Simplify Threading for Linux* and Itanium® Processors

Submit New Article

Last Modified On :   August 17, 2009 12:10 PM PDT
Rate
 


Introduction
By Matt Gillespie

Developers must thread their applications properly in order to get the best performance out of the parallel architectures in Intel® processors. Threading is particularly essential for large enterprise applications that handle many simultaneous transactions, such as those deployed on Itanium®-based systems.

While threading is extremely powerful, it must be done properly to avoid introducing errors or severe performance penalties. For example, if multiple threads simultaneously update the same global variable, a race condition will occur, which can cause data loss. If the developer attempts to address race conditions using improper synchronization techniques, the overhead associated with that synchronization can waste enough processor resources to cause unacceptable performance deficits. An improperly threaded application can therefore perform far worse than the serial version it replaces.

Intel® Thread Checker and Thread Profiler are plug-ins to the Intel® VTune™ Performance Analyzer that enable developers to detect, analyze, and resolve threading issues. Version 2.1 of these tools provide support for applications running on the Itanium Processor Family under Linux*, as well as applications running on 32-bit Intel® architecture under both Linux and Windows*. These advances significantly extend the capability of developers to glean the advantages of threading in their applications.

This article provides developers and decision makers with background information to support the decision to adopt Intel Threading Tools in their environments. It particularly introduces the expansion of platforms supported by the version 2.1 releases of these tools to include the Itanium Processor Family and Linux.


Intel® Thread Checker 2.1 Detects Threading Errors
The first step in resolving threading issues is to identify them.

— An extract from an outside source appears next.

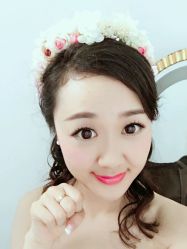 -现代经典婚纱摄影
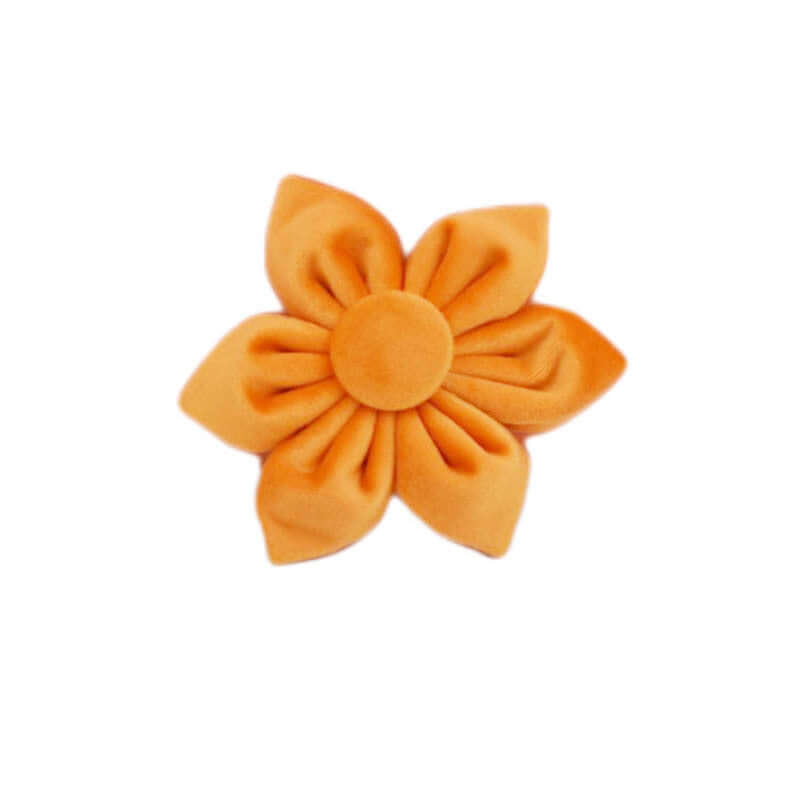 Fleur en velours orange, accessoire décoratif pour vêtements ou jouets pour animaux.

Intel Thread Checker 2.1 allows developers to locate threading issues such as race conditions, deadlocks, and thread stalls. These issues can otherwise be very difficult to identify. Intel Thread Checker can therefore provide substantial cost savings, and with the release of version 2.1, those benefits are extended to Linux applications for both 32-bit and 64-bit Intel architecture. Version 2.1 of the tool includes support for OpenMP* and POSIX* threads on 32-bit and 64-bit Linux applications, in addition to the support for 32-bit Windows applications that was available in previous versions.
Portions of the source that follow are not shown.